Extracted data entries
━━━━━━━━━━━━━━━━━━━━

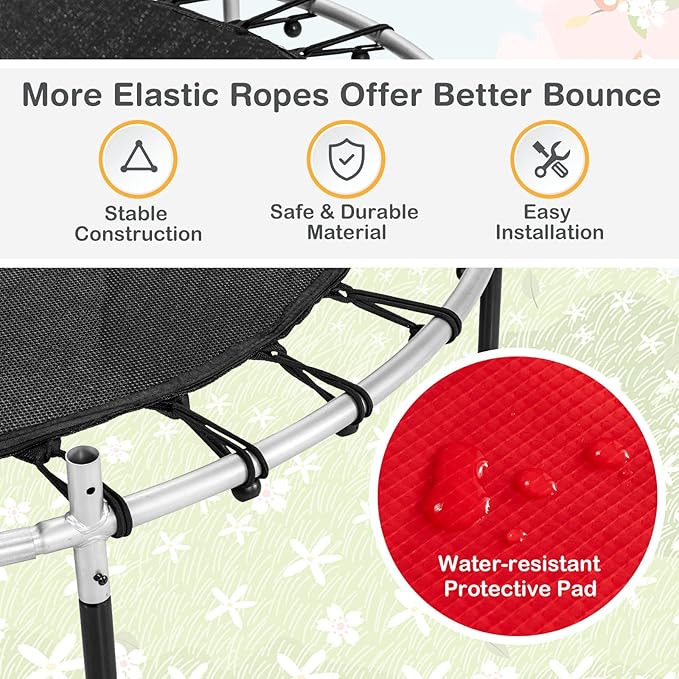 GYMAX Toddler Trampoline, 55” Trampoline for Kids with Bottom-to-Top All-Round Enclosure Net & Seamless Jumping Mat, ASTM Approved Easy Assembly Kids Mini Trampolines Indoor/Outdoor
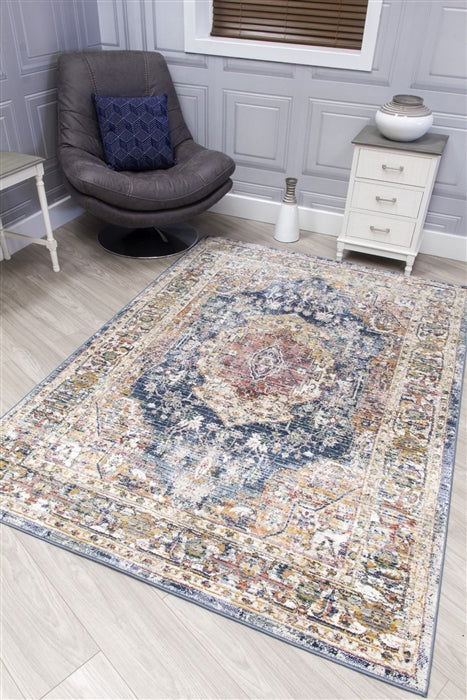 Boho Medallion - Distressed Blue Rug - MacCarthys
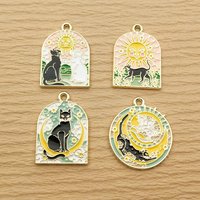 10pcs Sun Moon Cat Charm for Jewelry Making Enamel Necklace Bracelet Earring Pendant Diy Accessories Alloy Metal Gold Plated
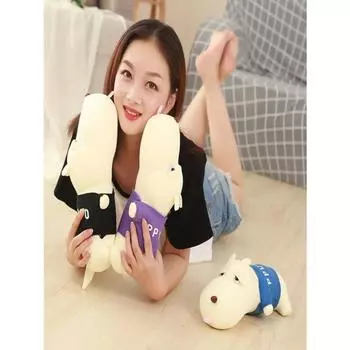 Мужская и женская плюшевая собака из бамбукового угля с большой головой, украшение для автомобиля, тряпичная кукла, автомобильная кукла, собака для вечеринки, подходит для праздничных подарков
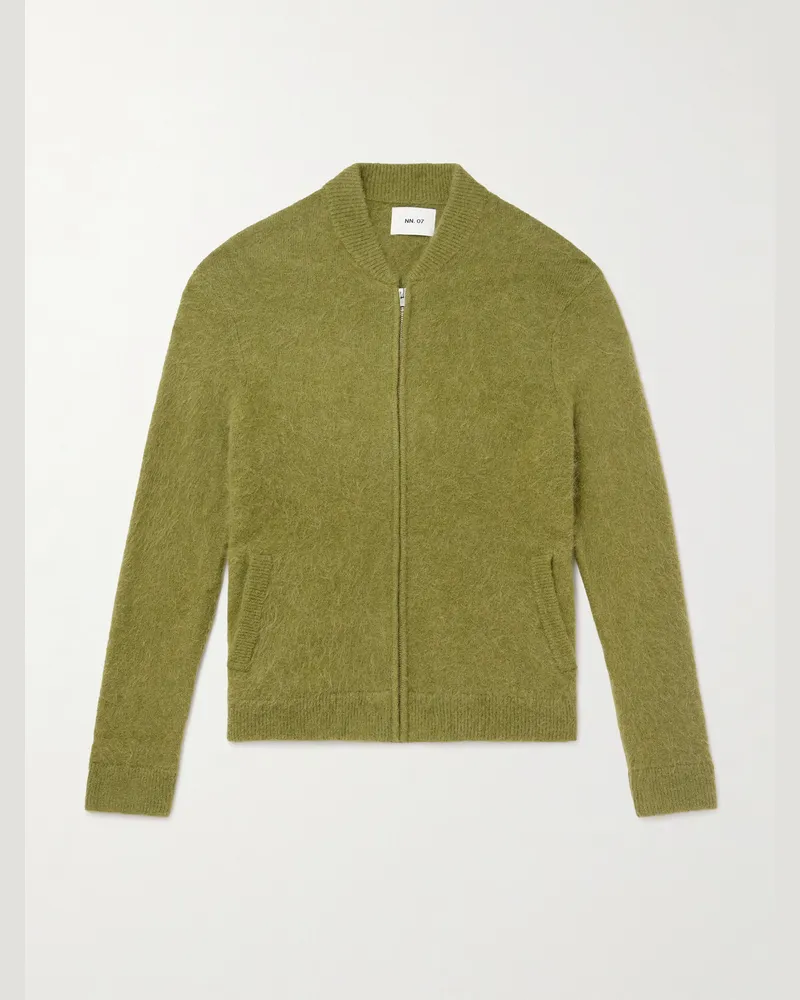 NN 07 Boris 60012 Cardigan aus einer Alpakawollmischung mit Reißverschluss Grün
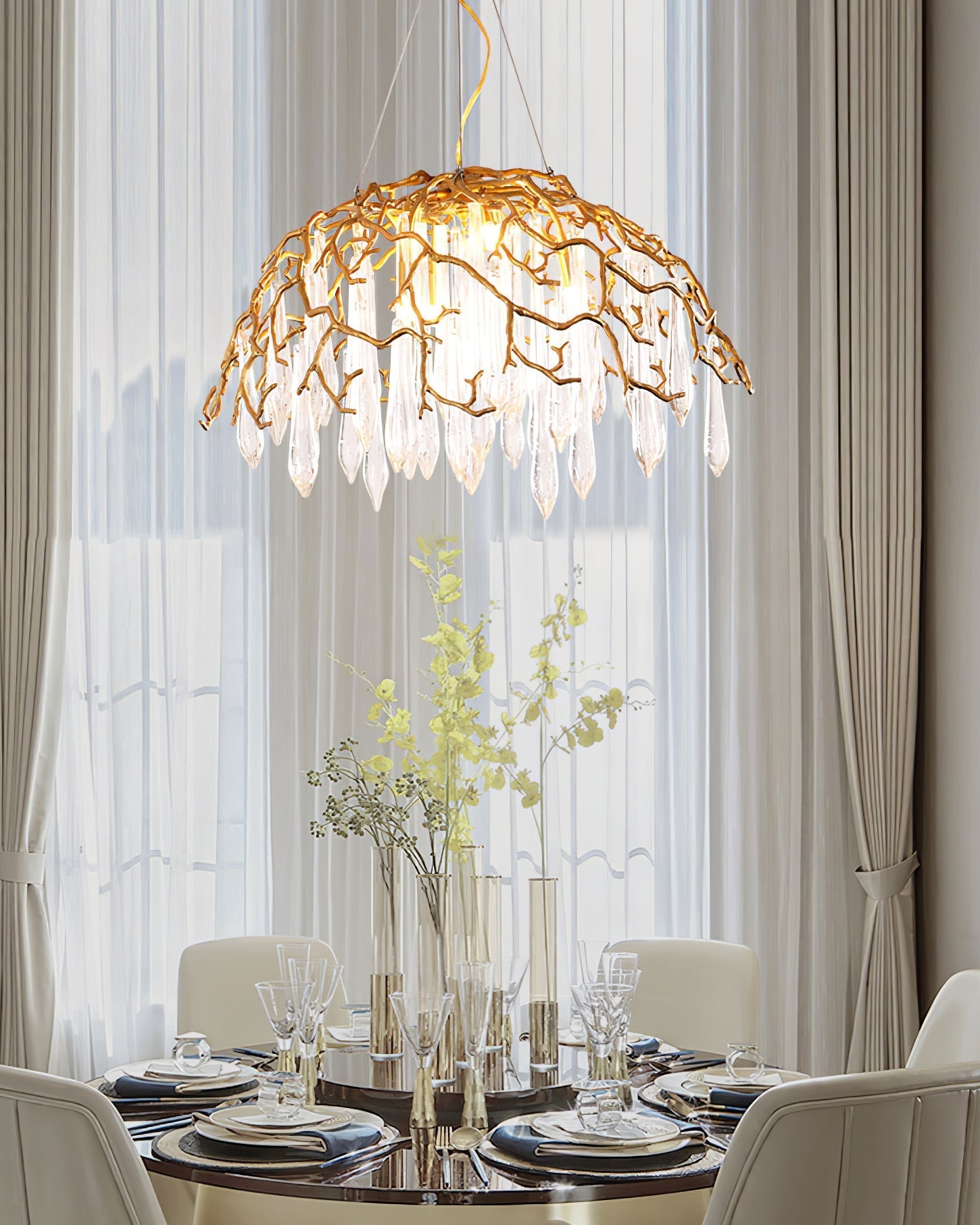 Aqua Dome Branch Brass Chandelier by Bling Lighting Studio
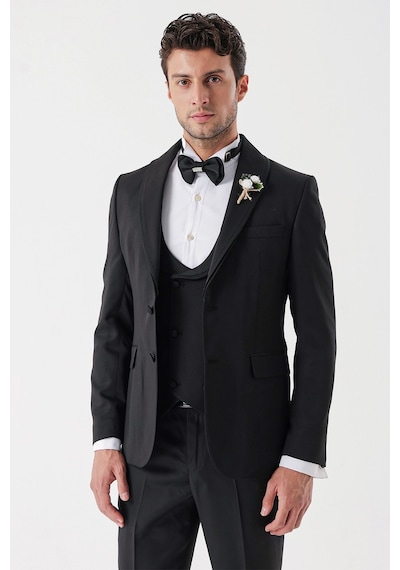 İmza Siyah Desenli Armürlü Çıkarılabilir Şal Yaka Kruvaze 6 Drop Slim Fit Smokin Damatlık Takım 1001230214-Siyah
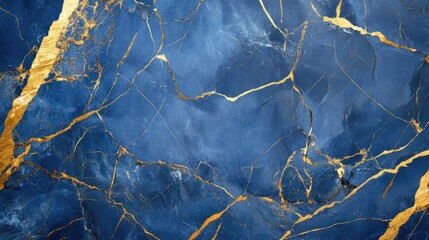 Poster - vibrant blue and gold marble effect wallpaper featuring striking gold veining with ample copy space 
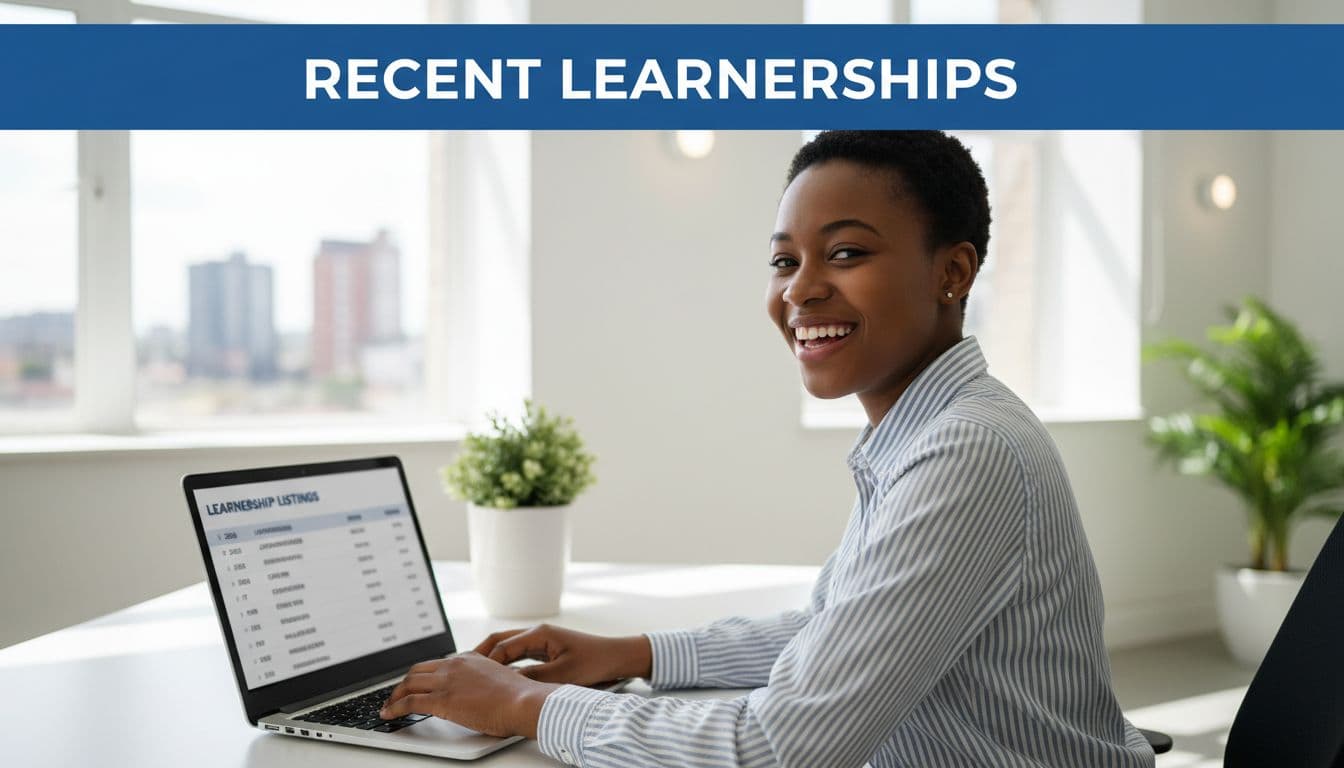 A young South African aged 18-25 smiles excitedly while checking recent 2026 learnership listings on a laptop in a bright modern office, under a bold blue header banner reading 'RECENT LEARNERSHIPS'. Realistic professional photo with clean composition and natural lighting.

━━━━━━━━━━━━━━━━━━━━

▸ **Your task**: Retype, exactly and only, the lines from the one containing "Poster - vibrant" through the end of the entries, both ends included, and omit all pictures.

▸ **Reply**:
 Poster - vibrant blue and gold marble effect wallpaper featuring striking gold veining with ample copy space 
 A young South African aged 18-25 smiles excitedly while checking recent 2026 learnership listings on a laptop in a bright modern office, under a bold blue header banner reading 'RECENT LEARNERSHIPS'. Realistic professional photo with clean composition and natural lighting.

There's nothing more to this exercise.